The Genome Pioneers
Earlier this week, 14 “genome pioneers”–a select group that have had their entire genomes sequenced–converged at the Microsoft conference center in Cambridge, MA, to share their experiences as early genomics adopters. The conference was billed as the last chance to gather everyone who has had their genome sequenced in one room; experts predict that as many as 1000 human genomes may be fully sequenced by the end of 2010. While Desmond Tutu and Glenn Close didn’t show (both have had their genomes sequenced), the others were gamely grilled onstage by Radiolabs Robert Krulwich. They shared their thoughts on why they sequenced their genomes and how they are using that information. (For more on the latter, see “Finding Meaning in Personal Genomes”.)

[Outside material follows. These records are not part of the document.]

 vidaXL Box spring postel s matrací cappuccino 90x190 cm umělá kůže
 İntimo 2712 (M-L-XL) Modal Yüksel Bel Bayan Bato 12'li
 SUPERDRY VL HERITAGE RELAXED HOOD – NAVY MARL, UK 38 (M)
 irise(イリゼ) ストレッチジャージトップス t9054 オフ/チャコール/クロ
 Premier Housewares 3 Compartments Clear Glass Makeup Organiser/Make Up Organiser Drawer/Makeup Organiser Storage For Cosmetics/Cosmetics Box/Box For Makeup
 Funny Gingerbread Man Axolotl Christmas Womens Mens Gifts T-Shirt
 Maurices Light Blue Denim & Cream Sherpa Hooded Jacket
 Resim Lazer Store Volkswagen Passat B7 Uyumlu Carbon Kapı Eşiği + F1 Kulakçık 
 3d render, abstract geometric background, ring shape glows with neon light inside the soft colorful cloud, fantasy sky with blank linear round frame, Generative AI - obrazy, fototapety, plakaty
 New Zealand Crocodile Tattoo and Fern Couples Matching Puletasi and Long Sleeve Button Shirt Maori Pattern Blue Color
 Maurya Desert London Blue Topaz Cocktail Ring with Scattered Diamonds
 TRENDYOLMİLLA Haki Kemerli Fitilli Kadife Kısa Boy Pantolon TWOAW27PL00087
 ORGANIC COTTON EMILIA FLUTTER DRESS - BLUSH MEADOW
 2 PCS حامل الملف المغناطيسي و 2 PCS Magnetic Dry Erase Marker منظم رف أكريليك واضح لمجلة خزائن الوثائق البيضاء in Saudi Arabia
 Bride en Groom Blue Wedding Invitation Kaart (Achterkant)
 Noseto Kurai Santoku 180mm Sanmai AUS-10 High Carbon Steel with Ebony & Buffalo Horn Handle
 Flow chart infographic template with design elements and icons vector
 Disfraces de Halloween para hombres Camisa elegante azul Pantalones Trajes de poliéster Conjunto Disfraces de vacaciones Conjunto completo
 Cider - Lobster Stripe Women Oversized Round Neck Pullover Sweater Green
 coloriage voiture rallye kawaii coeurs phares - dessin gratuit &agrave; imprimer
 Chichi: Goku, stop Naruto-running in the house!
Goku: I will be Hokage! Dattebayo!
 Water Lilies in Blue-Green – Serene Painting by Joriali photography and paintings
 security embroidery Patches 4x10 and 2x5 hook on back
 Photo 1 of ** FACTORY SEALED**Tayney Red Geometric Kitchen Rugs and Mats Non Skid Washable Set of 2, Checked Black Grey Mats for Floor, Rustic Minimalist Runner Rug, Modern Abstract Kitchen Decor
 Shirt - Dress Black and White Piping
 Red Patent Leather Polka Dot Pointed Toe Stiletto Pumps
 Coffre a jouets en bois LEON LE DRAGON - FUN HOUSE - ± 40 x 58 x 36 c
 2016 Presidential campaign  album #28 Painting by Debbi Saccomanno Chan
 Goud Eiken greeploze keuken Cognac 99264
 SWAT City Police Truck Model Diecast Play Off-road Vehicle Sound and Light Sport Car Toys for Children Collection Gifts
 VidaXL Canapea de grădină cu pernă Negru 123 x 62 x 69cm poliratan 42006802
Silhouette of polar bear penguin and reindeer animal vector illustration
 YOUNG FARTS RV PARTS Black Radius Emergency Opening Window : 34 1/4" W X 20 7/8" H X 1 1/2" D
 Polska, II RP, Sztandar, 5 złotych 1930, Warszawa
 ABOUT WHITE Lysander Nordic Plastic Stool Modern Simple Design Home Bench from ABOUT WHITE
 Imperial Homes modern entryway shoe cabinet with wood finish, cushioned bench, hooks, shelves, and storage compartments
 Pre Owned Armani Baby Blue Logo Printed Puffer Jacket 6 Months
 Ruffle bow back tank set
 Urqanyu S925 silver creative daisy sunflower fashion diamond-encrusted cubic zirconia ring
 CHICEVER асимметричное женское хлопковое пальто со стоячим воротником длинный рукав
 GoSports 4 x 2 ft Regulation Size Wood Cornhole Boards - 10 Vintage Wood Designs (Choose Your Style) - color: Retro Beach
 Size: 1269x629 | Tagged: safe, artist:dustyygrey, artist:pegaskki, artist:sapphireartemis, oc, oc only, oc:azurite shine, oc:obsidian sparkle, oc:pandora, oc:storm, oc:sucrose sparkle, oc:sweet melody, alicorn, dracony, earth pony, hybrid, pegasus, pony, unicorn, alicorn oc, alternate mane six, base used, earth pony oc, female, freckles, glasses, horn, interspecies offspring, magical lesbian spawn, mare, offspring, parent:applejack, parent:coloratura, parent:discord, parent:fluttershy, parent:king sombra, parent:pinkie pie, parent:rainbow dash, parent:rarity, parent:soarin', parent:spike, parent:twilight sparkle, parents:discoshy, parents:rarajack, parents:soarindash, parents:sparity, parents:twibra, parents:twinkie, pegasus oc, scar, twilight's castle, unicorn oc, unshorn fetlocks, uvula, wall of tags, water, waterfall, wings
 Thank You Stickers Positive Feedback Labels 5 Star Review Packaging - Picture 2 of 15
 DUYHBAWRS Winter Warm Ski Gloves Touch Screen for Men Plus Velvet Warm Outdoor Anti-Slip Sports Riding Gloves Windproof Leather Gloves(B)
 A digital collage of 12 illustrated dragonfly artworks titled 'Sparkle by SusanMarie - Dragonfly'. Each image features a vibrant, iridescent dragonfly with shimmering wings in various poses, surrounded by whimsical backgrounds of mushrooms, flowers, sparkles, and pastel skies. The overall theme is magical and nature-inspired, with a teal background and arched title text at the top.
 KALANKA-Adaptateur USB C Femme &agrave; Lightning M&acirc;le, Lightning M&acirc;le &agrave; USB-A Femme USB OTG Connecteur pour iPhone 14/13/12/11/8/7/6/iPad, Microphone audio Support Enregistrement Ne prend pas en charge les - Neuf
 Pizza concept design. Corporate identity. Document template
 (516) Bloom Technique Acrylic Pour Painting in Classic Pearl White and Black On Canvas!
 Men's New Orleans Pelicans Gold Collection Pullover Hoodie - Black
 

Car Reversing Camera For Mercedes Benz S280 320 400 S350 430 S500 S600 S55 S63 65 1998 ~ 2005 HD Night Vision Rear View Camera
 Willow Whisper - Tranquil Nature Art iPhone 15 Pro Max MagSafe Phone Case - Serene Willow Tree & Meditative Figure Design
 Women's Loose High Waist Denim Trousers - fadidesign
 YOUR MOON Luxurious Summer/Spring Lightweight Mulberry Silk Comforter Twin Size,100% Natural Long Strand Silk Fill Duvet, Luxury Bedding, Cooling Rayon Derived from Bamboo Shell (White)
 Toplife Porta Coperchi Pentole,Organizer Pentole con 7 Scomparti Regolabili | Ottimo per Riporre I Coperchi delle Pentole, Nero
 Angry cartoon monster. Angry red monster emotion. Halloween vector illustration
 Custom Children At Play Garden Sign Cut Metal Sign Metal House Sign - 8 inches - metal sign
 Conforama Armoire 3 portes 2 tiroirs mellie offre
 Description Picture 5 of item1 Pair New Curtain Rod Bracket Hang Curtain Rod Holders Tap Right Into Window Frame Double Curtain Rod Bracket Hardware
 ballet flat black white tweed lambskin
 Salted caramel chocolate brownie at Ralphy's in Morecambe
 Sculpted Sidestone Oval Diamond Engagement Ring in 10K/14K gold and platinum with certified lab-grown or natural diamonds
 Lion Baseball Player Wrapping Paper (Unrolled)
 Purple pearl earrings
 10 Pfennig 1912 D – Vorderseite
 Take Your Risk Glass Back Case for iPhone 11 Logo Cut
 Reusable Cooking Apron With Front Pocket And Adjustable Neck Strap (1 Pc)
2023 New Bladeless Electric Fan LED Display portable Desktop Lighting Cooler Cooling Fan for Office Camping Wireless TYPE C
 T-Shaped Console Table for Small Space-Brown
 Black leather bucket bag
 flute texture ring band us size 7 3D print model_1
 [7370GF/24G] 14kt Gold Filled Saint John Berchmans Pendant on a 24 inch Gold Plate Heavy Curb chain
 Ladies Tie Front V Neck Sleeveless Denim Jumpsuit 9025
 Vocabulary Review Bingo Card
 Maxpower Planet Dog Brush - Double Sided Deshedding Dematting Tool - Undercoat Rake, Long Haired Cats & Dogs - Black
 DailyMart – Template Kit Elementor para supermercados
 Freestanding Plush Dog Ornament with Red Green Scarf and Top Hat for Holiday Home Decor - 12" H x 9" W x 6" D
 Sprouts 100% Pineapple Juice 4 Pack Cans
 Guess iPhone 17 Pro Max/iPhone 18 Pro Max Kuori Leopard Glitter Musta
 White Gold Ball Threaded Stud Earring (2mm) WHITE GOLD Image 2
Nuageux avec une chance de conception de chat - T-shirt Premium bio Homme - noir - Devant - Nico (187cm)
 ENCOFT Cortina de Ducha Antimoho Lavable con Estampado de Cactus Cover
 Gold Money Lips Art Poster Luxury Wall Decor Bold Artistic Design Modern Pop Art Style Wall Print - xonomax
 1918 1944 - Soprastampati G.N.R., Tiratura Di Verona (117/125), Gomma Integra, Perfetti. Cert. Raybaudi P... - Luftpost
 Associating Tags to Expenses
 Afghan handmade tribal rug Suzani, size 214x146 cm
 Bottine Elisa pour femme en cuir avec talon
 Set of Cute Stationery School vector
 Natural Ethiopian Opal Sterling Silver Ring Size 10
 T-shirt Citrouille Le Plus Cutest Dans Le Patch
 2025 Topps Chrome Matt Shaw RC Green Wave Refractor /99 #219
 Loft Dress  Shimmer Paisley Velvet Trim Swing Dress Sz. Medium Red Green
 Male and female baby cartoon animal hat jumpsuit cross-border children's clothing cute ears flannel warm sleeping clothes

Here are some interesting tidbits from the conference.
Sequencing executives really like to have their genomes sequenced. They made up four of the 14 genome pioneers: Jay Flately, CEO of Illumina, Greg Lucier, CEO of Life Technologies, Stephen Quake, founder of Helicos (not technically an executive), and John West, former CEO of Solexa, which was bought by Illumina.
Sequencing is becoming a family affair. West has already had his wife and two kids sequenced, and Lucier plans to do the same. Harvard Professor Henry Louis Gates and his father became the first African Americans and father-son pair to have their genomes sequenced, sharing the results in Gates’s PBS documentary “Faces of America”. Sequencing families does have its advantages like allowing scientists to more easily distinguish true genetic variations from sequencing errors. (For a more medically oriented example of family genome sequencing, check out “Hunting Disease Origins with Whole-Genome Sequencing”.)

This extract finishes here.